DATA EXTRACT ▸
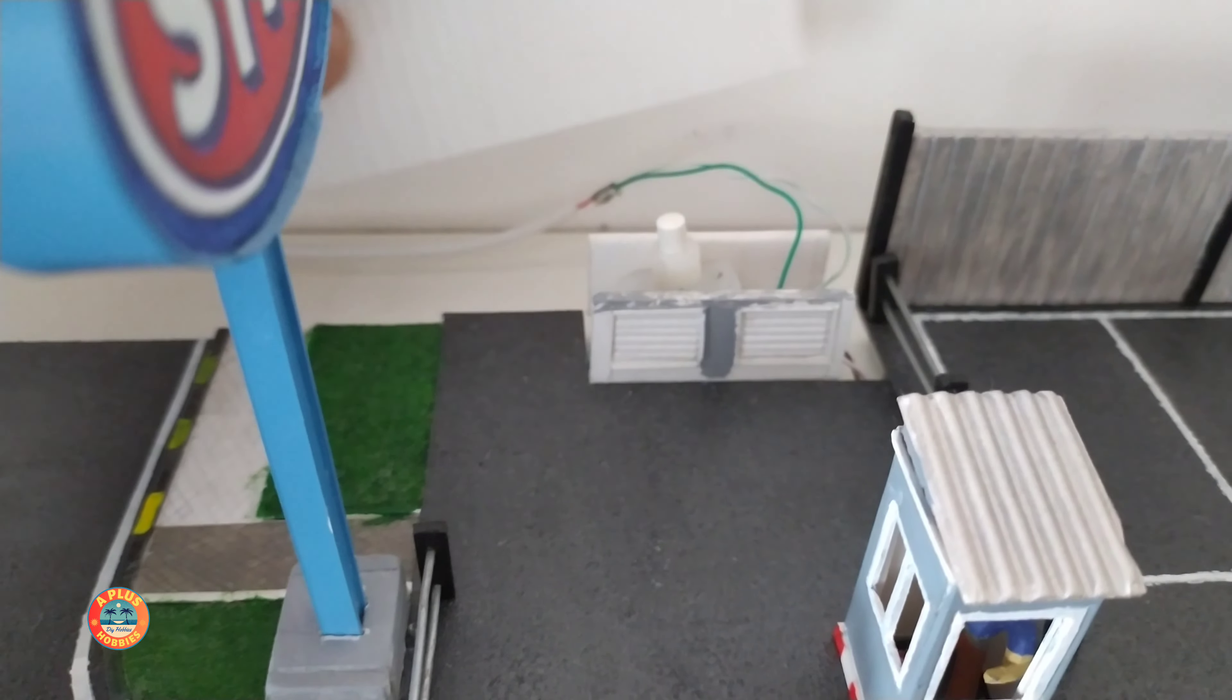Now let's continue to the next diorama, a car park. I still have a lot to do here, but let me remove the cars first. I have to do all fine details. For now, only the signs have lights.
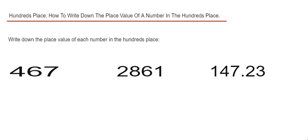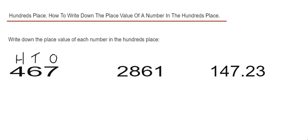We've got to write down the place value of each number in the hundreds place. So we've got 467. We have 7 in the ones column, 6 in the tens column and 4 in the hundreds place. Since we have 400, the place value would be written down as 400.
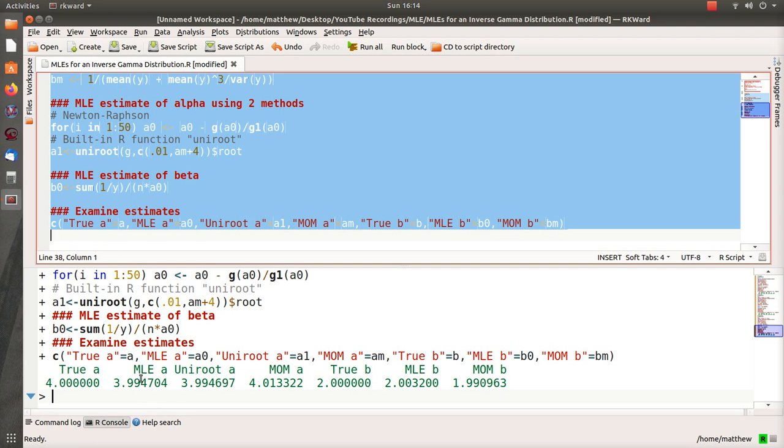And since we're using, what did I say, 2 million, the estimates are actually all very close to the true parameter that they're estimating.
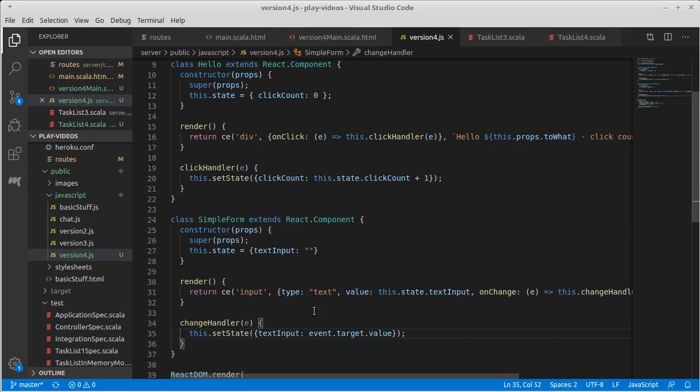Okay. So that gives you a brief overview of React. I think it's enough that we can now start working on what we need in order to make a task list that actually uses React for us. And we'll come back in the next video and we'll start working on that.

PROBLEM ▸
Give the data above again, exactly and completely. No pictures go in.

RESPONSE FOR THIS EXERCISE ▸
Now let's continue to the next diorama, a car park. I still have a lot to do here, but let me remove the cars first. I have to do all fine details. For now, only the signs have lights.
We've got to write down the place value of each number in the hundreds place. So we've got 467. We have 7 in the ones column, 6 in the tens column and 4 in the hundreds place. Since we have 400, the place value would be written down as 400.
And since we're using, what did I say, 2 million, the estimates are actually all very close to the true parameter that they're estimating.
Okay. So that gives you a brief overview of React. I think it's enough that we can now start working on what we need in order to make a task list that actually uses React for us. And we'll come back in the next video and we'll start working on that.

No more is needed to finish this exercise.